Property address and description. First and foremost, a purchase agreement must outline the property details such as the exact address and a clear legal description. Additionally, the identity of the seller and buyer should be included.

The mutually agreed upon sale price and terms of the sale for the home. This is the price that was offered by the buyer and accepted by the seller. The contract should also include how the buyer will be making the purchase such as paying in full with cash or down payment with a new mortgage.

Earnest money deposit amount. Earnest money is used to confirm the contract. In most cases, this money will go toward the eventual down payment. Typically, buyers can expect to pay at least $1000. Some sellers may choose to contingencies that if the sale does not go through for financial reasons, this money will be forfeited by the buyer. Likewise, contingencies can be made by buyers that the money is fully refundable if the seller does not meet the conditions of the sale.

Date of the final walk-through. The date of the final walk-through should be included on the purchase contract. This is the final inspection of the home by the buyers prior to signing all of the documents which make the sale official.

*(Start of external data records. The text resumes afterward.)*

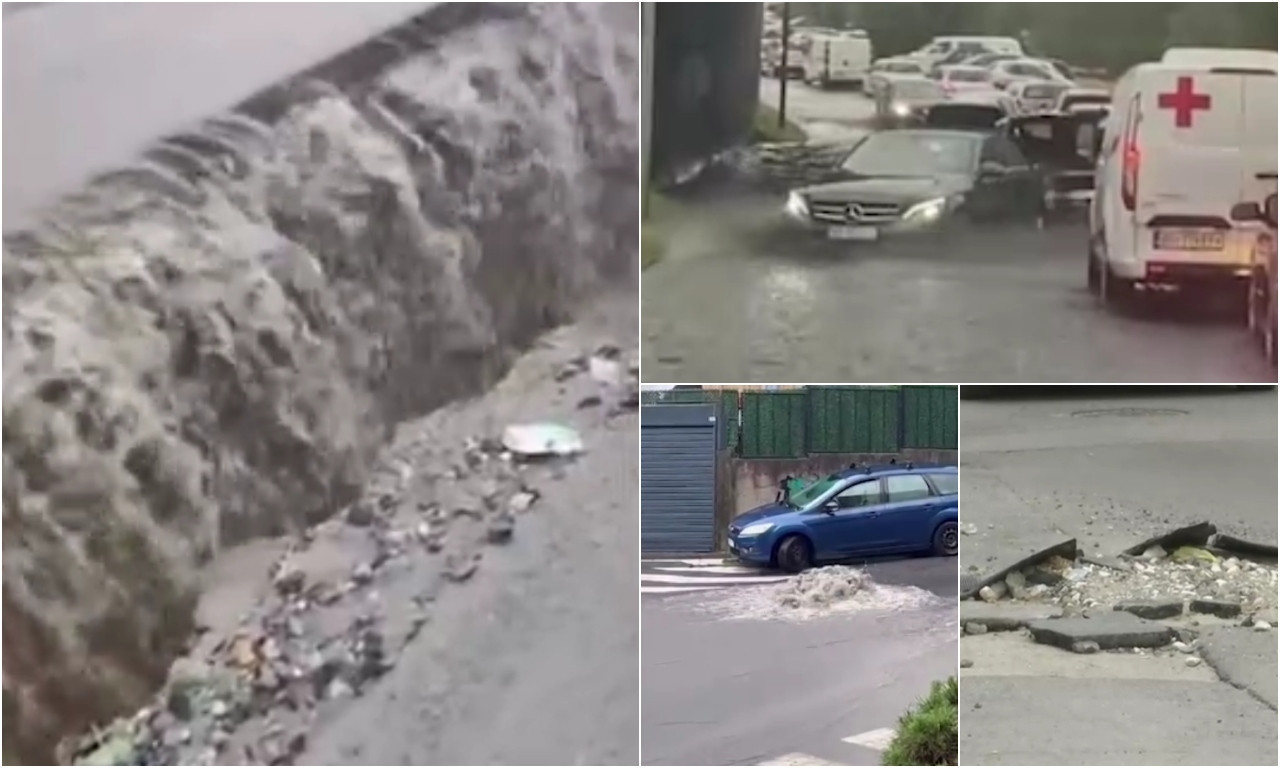 BEOGRAD PREPLAVLJEN JEZERIMA I GEJZERIMA, VOZILA ZAGLAVLJENA Evo zašto je grad pod vodom kad god je snažno nevreme
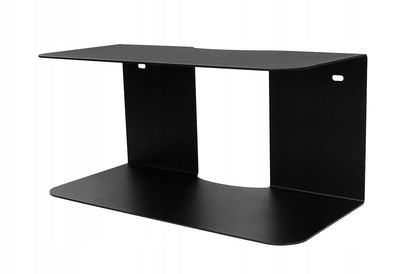 DVIGUBA PAKABINAMA LENTYNA LOFT JUODA METALINĖ 35 CM TVIRTA MARŠRUTIZATORIUI DEKODERIUI P4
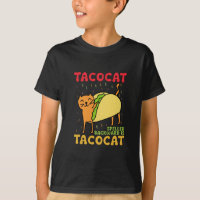 Tacocat Escrito ao Contrário Tacos Gatos Cinco De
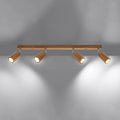 Luminaire Plafonnier en Bois - Zeke 4 (Chêne)
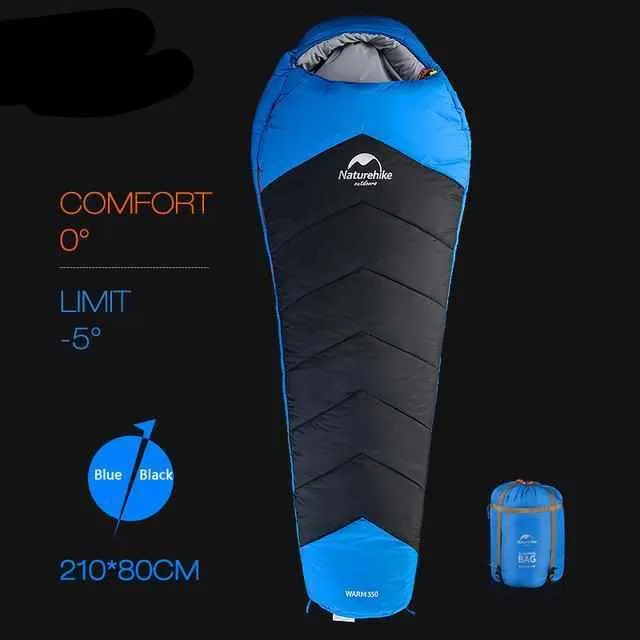 Winter Thickening Mummy Sleeping Bag - Outdoor Camping Warm Sleeping Bag with Compression Sack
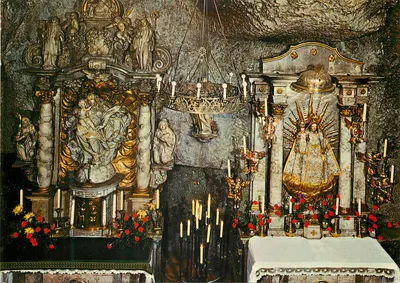 Mariastein (Suíça) — Os dois altares da capela das Graças — editor J. Eberle, Einsiedeln, n° 115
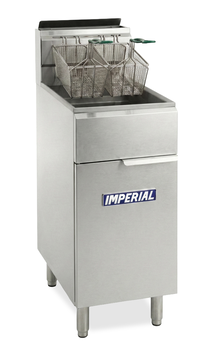 FRITEUSE GAZ SUR COFFRE 22 LITRES (TUBULAIRE)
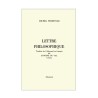 Lettre philosophique très estimée de ceux qui se plaisent aux vérités hermétiques.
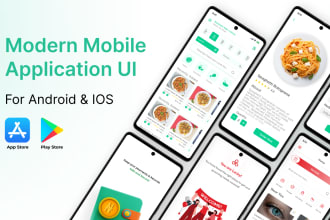 do clean mobile app ui design for ios and android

Date of the closing and closing costs. The date of the closing should be included on the purchase contract. The closing date marks the transfer of the property’s title from the seller to the buyer. Closing costs, and who should pay them, should also be included. Often, the buyer pays the entirety of closing costs, although sellers may agree to pay or split costs. The division of expenses should be clearly stated in the contract.

Home buyer’s contingencies (if any). A contingency is a provision that is attached to an offer to purchase that gives parties the right to back out of a contract under certain circumstances that are negotiated between the buyer and seller. Some typical contingencies are appraisal, home inspection, or home sale contingencies.